Be Safe: Common Fall Hazards and How Can You Prevent Them

Date Publish: Jul 03, 2014

People slip and fall for many reasons wherever they may be. Fortunately, falls can be prevented. In your home, you can prevent falling down the stairs by providing handrails and watching out for any objects that you might step on. In nursing care institutions, such as a residential care home in Horsham, they may do everything possible to prevent their elderly patients from slipping or falling, such as ground floor bedrooms, slip-resistant or carpeted floors, or beds with guardrails for those who need them. While in the construction industry, they are mandated under the law to assess any fall hazards and provide preventive systems to ensure that workers are safe from falls.
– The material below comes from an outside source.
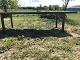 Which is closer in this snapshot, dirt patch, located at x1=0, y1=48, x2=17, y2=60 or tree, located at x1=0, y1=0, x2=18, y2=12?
dirt patch, located at x1=0, y1=48, x2=17, y2=60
If you are in the construction industry, here are common fall hazards and the steps to take to ensure your workers are safe from them:


In many workplaces or sites, a number of lost time, injuries, and fatalities are caused by falls, including:

  • Falls on the work surface, such as slips, and trips
  • Falls from heights, such as from stairs, ladders, ramps; from one work level to the other, and from the edge of a work level
  • Falls against or onto an object
  • Falls from moving vehicle/equipment
  • Fall into or through an opening, such as a manhole or wall openings


Prevent Falls from Heights

  • Barrier systems or guardrails should be provided to prevent falls from heights within interior and exterior spaces. When it comes to fall prevention, guardrails should be your first option. There are many uses of guardrail system in building construction or other construction sites, such as those used along stairways, balconies, near the edges of elevated floors, edges of roofs on buildings, building edges, other open edges, and wall or ground openings.
  • Scaffoldings should be erected on solid footing and be installed properly by a trained a competent team and regularly inspected every week. Make sure that they are rigid, sound, and sufficiently capable of carrying its own weight. They should be also be able to carry four times the maximum intended load without displacement or settling. Moreover, they must be fitted with midrails, guardrails, and toeboards.
  • Take precautions to prevent your workers falling from the ladder or board. You can use edge protection, such as safety barrier fencing, safety harnesses, or safety netting where the barrier is not feasible. Be sure that your crawling boards or roof ladders span at least three purlines or at least 600mm wide or more when the job requires it.

Prevent Trips, Slips, and Falls

  • If your stairways have at least four or more risers or rising over 30 inches, you must provide at least one handrail or guardrails or both sides. Trips, slips, and falls on stairways are a primary source of injuries and fatalities among construction workers.
  • For your exterior walking surface, use materials that are not susceptible to elevation changes caused by freeze or thaw cycles.
  • Ensure that adequate illumination - both natural and artificial - for all of your interior and exterior areas is provided.

Whether at home, a Horsham residential care home, the office, at a construction site, or anywhere, safety is very important. You must practice a culture of safety and provide preventative systems to ensure that anyone may be safe while staying within your premises.